Three reasons. First, vendor-disclosed list pricing is rarely the price organisations actually pay. Enterprise contracts negotiate 20-40% discounts off list, multi-year terms, and bundle adjustments that make published pricing misleading. Second, regional pricing varies meaningfully (US vs EU vs APAC) and any single number misrepresents the others. Third, this site is independent and explicitly avoids fabricating numbers we cannot stand behind. The vendor-neutral framework is more useful: it tells you which vendor categories fit which scenarios, and which dimensions to negotiate on. For specific pricing, request published rate cards or partner quotes.
How do we evaluate a zero trust platform vendor?
Eight dimensions matter. (1) Pillar coverage - which of the five pillars does the platform genuinely cover, and which is bolt-on? (2) Deployment complexity - how long is the average rollout for an organisation your size? (3) Existing-stack fit - does the platform integrate cleanly with your IdP, SIEM, ITSM, HR system? (4) Lock-in risk - is policy configuration extractable in standard formats? (5) FedRAMP / compliance authorisation if regulated. (6) Total cost (licensing + services + integration + tuning over 3 years), not just year-one licensing. (7) Vendor financial stability and product roadmap clarity. (8) Reference customer fit - request references from organisations of comparable size, sector, and existing-stack composition.
Is best-of-breed or single-vendor better?
Single-vendor (typically Microsoft-suite) is cheaper in licensing, faster to deploy, and easier to operate for organisations already committed to that vendor's productivity suite. Best-of-breed is more expensive in licensing and integration but gives you better-in-class capability per pillar and lower vendor lock-in. The practical answer for most mid-market: single-vendor for identity and device pillars (where bundle economics dominate), best-of-breed for network (where pure ZTNA platforms can be substantially cheaper than bundled SSE) and workload (where CNAPP specialists outperform generic security suites). Pure best-of-breed multi-vendor is best for organisations with mature security teams who can absorb the integration overhead.
How important is FedRAMP authorisation?
Mandatory if you are a federal contractor or process federal data. Important if you intend to bid on federal contracts within 2-3 years (the procurement cycle requires authorised tools to be already in place). Largely irrelevant for non-government estates. FedRAMP authorisations restrict the vendor pool to roughly the top 8-12 zero trust platforms in each category. FedRAMP Moderate is the minimum tier; FedRAMP High is required for higher-sensitivity federal data. Authorisation is a moving target, validate current status with each vendor.
Should we issue a formal RFP?
Yes for purchases above $250K annual licensing or any platform that will run for 3+ years. RFPs force vendors to commit in writing to the dimensions that matter (deployment time, integration depth, FedRAMP status, support response SLAs) and produce a comparable evaluation across vendors. The RFP should explicitly require: pillar-by-pillar coverage attestation, three reference customers of comparable size, deployment timeline guarantee, contract-level lock-in protections (data extract on exit), and total-cost-of-ownership pricing including services and integration. Skip RFPs for purchases under $50K annual or for tooling that will be replaced within 2 years.
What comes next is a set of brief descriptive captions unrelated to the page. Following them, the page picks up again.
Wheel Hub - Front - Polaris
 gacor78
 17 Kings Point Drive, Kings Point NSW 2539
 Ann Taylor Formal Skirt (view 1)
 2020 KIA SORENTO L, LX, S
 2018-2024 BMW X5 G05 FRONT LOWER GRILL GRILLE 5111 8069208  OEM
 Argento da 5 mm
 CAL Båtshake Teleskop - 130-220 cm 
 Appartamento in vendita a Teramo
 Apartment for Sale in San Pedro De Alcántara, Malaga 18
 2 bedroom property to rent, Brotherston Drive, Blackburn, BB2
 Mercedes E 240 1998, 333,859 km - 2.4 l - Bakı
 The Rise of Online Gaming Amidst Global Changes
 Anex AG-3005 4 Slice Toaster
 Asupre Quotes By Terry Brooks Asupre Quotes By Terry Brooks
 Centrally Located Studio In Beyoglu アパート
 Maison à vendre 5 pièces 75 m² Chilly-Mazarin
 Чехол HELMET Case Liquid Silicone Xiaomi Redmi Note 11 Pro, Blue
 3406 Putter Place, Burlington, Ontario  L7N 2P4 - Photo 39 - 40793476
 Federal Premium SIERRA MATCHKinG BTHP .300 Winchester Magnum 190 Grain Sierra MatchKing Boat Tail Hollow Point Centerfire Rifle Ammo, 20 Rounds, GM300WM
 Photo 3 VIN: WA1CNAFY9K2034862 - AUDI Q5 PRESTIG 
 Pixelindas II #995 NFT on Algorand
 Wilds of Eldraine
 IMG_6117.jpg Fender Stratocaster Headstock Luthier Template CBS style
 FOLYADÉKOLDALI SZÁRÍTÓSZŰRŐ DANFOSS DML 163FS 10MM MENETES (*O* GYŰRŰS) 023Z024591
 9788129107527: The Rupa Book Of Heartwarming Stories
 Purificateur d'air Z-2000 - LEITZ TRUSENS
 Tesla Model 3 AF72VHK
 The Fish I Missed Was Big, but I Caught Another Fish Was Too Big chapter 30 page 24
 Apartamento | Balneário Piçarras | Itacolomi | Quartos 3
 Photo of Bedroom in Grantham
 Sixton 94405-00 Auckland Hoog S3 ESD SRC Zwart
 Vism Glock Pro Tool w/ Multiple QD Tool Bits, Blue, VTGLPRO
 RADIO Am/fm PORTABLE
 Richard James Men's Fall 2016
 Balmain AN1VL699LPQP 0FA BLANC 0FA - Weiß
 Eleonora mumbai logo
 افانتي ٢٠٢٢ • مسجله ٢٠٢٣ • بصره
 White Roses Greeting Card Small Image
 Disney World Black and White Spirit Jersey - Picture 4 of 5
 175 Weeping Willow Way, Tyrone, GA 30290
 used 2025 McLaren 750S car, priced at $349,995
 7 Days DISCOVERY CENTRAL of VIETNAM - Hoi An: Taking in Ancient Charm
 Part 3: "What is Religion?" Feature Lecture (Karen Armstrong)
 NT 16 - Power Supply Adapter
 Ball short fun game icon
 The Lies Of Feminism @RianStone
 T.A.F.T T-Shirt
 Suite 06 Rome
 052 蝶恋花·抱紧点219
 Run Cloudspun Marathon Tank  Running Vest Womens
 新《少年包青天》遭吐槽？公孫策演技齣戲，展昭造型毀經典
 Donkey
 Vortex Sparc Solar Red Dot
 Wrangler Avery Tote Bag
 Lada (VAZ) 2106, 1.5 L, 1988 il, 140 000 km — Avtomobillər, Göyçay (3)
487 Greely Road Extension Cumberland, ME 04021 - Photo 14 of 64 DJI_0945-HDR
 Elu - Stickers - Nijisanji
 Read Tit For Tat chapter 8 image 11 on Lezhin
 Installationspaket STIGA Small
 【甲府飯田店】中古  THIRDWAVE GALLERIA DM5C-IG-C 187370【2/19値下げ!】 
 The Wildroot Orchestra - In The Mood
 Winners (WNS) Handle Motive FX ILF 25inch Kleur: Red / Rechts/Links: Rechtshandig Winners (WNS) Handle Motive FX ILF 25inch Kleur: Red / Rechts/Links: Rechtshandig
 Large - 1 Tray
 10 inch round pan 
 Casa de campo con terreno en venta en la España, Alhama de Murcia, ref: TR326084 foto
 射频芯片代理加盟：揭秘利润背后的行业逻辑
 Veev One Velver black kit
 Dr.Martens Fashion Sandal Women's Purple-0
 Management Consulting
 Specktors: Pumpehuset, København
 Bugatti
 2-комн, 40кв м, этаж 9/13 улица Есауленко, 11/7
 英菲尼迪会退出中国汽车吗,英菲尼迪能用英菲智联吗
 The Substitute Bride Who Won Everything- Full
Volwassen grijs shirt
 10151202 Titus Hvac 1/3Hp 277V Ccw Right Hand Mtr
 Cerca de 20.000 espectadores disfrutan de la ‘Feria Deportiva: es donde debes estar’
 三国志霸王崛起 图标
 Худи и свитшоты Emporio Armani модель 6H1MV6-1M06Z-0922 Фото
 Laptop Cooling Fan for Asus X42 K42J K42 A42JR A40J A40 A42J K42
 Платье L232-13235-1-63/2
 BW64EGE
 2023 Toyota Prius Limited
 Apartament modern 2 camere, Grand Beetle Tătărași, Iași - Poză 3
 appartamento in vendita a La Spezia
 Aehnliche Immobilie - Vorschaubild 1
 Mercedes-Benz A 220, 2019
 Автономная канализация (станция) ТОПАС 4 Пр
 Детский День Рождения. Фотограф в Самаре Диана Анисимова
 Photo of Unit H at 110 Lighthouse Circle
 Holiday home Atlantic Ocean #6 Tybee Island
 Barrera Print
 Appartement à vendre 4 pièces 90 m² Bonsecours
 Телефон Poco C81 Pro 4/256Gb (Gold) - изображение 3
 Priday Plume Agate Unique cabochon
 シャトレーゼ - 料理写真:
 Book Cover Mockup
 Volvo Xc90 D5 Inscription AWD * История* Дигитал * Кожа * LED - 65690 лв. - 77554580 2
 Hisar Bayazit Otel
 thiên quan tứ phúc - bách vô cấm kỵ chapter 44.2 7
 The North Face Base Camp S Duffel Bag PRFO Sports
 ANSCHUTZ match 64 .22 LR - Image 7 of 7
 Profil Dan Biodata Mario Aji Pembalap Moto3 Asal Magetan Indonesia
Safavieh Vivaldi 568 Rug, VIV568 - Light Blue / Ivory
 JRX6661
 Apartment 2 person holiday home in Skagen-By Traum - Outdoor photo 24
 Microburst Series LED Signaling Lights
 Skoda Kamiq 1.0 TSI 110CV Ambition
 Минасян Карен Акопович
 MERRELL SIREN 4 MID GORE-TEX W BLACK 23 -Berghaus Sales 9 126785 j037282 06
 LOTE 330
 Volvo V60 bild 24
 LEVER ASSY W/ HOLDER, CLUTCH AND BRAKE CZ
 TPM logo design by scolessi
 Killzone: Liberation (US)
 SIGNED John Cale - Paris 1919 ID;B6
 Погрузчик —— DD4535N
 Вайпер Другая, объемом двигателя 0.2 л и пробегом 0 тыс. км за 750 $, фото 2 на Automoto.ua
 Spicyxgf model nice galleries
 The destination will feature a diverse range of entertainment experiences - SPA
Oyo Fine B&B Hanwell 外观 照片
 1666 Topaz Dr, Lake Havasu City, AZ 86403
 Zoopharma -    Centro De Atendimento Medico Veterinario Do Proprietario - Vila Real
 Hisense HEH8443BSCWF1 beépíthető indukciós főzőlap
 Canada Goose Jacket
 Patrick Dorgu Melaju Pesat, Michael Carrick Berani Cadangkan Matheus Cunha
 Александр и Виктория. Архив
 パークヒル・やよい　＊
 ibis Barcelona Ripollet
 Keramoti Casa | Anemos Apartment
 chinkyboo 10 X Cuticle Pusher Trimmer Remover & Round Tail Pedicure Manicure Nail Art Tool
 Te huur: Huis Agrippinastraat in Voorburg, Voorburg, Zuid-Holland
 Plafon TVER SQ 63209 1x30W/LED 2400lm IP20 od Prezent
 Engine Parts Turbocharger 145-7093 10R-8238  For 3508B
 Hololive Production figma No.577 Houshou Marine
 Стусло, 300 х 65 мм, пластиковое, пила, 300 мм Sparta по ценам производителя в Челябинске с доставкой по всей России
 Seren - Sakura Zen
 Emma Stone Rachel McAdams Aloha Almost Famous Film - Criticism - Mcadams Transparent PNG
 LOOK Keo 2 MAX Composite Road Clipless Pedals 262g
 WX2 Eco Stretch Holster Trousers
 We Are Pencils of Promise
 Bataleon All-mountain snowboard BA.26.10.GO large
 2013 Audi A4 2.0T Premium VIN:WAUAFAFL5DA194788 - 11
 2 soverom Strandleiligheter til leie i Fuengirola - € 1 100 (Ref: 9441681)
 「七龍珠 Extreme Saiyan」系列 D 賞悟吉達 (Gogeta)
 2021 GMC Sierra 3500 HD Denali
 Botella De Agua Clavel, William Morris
What is the worst evaluation mistake?
Pillar conflation. Vendors that primarily address one pillar often claim coverage of all five through bolt-on modules. The bolt-ons are typically immature compared to dedicated platforms in those categories. The worst evaluation mistakes confuse breadth with depth. A network-centric SSE platform may technically include identity through an OEM SSO, but the identity capability will not match a dedicated identity platform. A Microsoft suite includes ZTNA via Entra Private Access, but the ZTNA capability is newer than dedicated ZTNA vendors. Evaluate each pillar separately and pick the right tool for each, even if it means multi-vendor.